Hong Bin, Li Yuan, Van Mellaert Godelieve, Anné Jozef
Institute of Medicinal Biotechnology, Chinese Academy of Medical Sciences & Peking Union Medical College, Beijing 100050, China.
Yi Chuan Xue Bao. 2003 Mar;30(3):209-14.
The production of human tumor necrosis factor beta (hTNF beta) in Streptomyces lividans was studied. The expression of hTNF beta uses the transcription, translation and secretion signals of subtilisin inhibitor VSI which is naturally produced by Streptomyces venezuelae CBS762.70. In direct secretory expression cassette, hTNF beta cDNA was fused 2 amino acids after the signal peptidase cleavage site. In fusion expression cassette, hTNF beta cDNA was fused after the total vsi gene. In intracellular expression cassette, hTNF beta cDNA was fused after initiation codon ATG. The expression cassettes were subcloned into Streptomyces multi-copy plasmid pIJ486 respectively and transformed into S. lividans TK24. The recombinant strains were designated as S. lividans (pIJ486-hTNF beta), S. lividans (pIJ486-vsi-hTNF beta) and S. lividans (pIVPA-hTNF beta). The analysis of expressed proteins by Western blotting and biological activity measurements revealed hTNF beta was expressed by the recombinant strains with bioactivity. The molecular weight of directly secreted product is around 16 kDa, and the expression level at 48 hours in NB medium was 0.7 mg/L. Intact product could be obtained when hTNF beta was expressed intracellularly, although it may be degraded to lower molecular weight product when cultivation was prolonged. The intracellular expression level at 48 hours in NB medium was 25.1 mg/L.

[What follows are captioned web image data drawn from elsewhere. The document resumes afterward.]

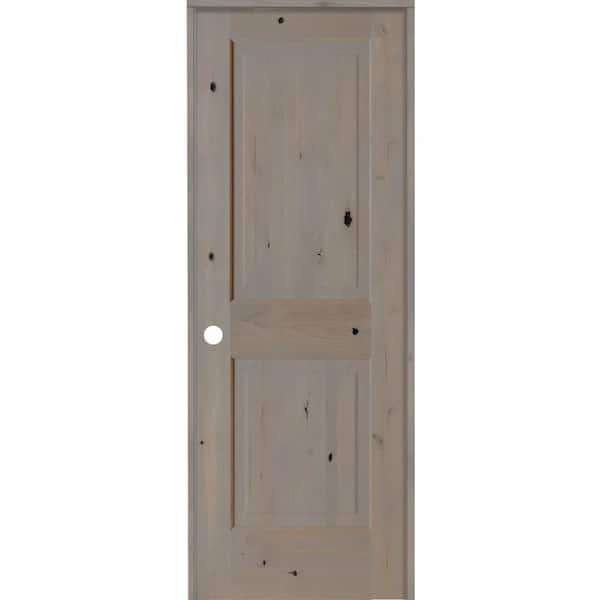 Krosswood Doors 28 in. x 80 in. Rustic Knotty Alder 2-Panel Right Handed Grey Stain Wood Single Prehung Interior Door with Square Top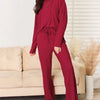 Basic Bae Full Size Ribbed Drawstring Hooded Top and Straight Pants Set - Deep Red
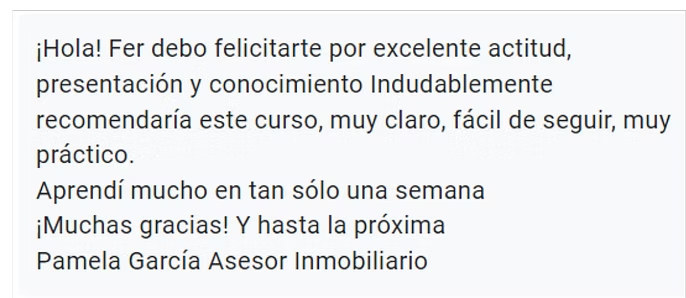Reseña de Pamela García, asesor inmobiliario: curso muy claro, fácil de seguir y práctico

研究了在变铅青链霉菌中生产人肿瘤坏死因子β(hTNFβ)的情况。hTNFβ的表达利用了委内瑞拉链霉菌CBS762.70天然产生的枯草杆菌蛋白酶抑制剂VSI的转录、翻译和分泌信号。在直接分泌表达盒中,hTNFβ cDNA在信号肽酶切割位点后2个氨基酸处融合。在融合表达盒中,hTNFβ cDNA在整个vsi基因之后融合。在细胞内表达盒中,hTNFβ cDNA在起始密码子ATG之后融合。这些表达盒分别亚克隆到链霉菌多拷贝质粒pIJ486中,并转化到变铅青链霉菌TK24中。重组菌株分别命名为变铅青链霉菌(pIJ486 - hTNFβ)、变铅青链霉菌(pIJ486 - vsi - hTNFβ)和变铅青链霉菌(pIVPA - hTNFβ)。通过蛋白质免疫印迹分析表达的蛋白质和生物活性测量表明,重组菌株表达了具有生物活性的hTNFβ。直接分泌产物的分子量约为16 kDa,在NB培养基中48小时的表达水平为0.7 mg/L。当hTNFβ在细胞内表达时可以获得完整产物,尽管培养时间延长时它可能会降解为较低分子量的产物。在NB培养基中48小时的细胞内表达水平为25.1 mg/L。